Nun hat der »Matrix«-Star Keanu Reeves zusammen mit dem erfolgreichen britischen SF- und Fantasy-Autor China Miéville einen Roman aus dem Stoff gemacht: »Das Buch anderswo«. Die großen Medien waren davon sehr angetan. Das liegt ganz klar am Promi-Faktor von Keanu Reeves und dem Umstand, dass der Kanadier zusammen mit dem Trotzkisten Miéville, den er als einen seiner Lieblingsautoren bezeichnet, ein Buch geschrieben hat. Denn über weite Strecken ist dieses blutrünstige Splatter-Action-Spektakel um einen vor-neolithischen Krieger, der für eine US-Spezialeinheit ins Feld zieht, kaum mit den ansonsten meist auf Hochkultur getrimmten Feuilletons kompatibel.
Vor allem hierzulande fristen Science-Fiction und Fantasy ja ein eher kümmerliches Dasein im Gesamtkulturbetrieb.

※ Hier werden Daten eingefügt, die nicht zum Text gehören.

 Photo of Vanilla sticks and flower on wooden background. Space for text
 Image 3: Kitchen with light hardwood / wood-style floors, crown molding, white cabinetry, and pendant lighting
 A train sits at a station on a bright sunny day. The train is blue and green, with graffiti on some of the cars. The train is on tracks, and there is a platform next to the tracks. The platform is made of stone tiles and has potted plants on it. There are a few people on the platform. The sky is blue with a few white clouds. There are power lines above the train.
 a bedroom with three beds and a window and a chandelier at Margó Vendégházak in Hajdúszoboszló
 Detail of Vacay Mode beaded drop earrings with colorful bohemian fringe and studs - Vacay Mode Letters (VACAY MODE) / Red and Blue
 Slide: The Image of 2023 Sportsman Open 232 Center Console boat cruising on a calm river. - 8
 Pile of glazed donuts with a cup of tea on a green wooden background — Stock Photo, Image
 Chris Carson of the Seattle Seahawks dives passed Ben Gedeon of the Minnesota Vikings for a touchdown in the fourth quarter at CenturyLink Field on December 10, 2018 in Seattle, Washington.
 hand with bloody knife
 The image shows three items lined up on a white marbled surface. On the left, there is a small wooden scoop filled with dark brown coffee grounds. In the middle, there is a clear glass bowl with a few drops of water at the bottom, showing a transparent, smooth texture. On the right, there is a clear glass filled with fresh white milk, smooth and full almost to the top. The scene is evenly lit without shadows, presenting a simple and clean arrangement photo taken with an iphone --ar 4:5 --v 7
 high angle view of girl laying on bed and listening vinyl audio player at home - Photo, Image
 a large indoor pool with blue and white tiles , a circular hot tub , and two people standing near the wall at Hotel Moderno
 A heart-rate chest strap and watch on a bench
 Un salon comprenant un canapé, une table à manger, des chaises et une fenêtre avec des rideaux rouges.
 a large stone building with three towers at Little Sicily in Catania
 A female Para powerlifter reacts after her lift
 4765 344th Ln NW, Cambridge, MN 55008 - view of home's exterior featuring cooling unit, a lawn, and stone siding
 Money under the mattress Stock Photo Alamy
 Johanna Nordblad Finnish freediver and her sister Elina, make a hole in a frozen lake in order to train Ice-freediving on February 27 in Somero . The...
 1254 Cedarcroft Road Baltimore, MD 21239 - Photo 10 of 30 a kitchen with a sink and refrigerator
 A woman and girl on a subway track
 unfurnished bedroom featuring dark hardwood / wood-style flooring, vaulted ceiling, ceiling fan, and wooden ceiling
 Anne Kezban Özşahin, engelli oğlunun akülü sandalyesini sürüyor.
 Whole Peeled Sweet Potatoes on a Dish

Wobei China Miéville aus dem Stoff dann doch einiges herausholt. Vor allem, wenn es zurückgeht in die Geschichte, wird es spannend. Denn »Das Buch anderswo« spielt auf mehreren Zeitebenen. So kämpft Unute regelmäßig gegen einen Hirscheber, der immer wieder neu geboren wird.
Unute ist mit verschiedenen Wissenschaftlern und Militärs in einer streng geheimen Forschungseinrichtung in der Nähe von Portland stationiert, wo es aber plötzlich zu Angriffen auf Unute und seine Truppe kommt. Wer steckt dahinter? Womöglich sogar ein jahrtausendealter Kult, der den Krieger final auslöschen soll?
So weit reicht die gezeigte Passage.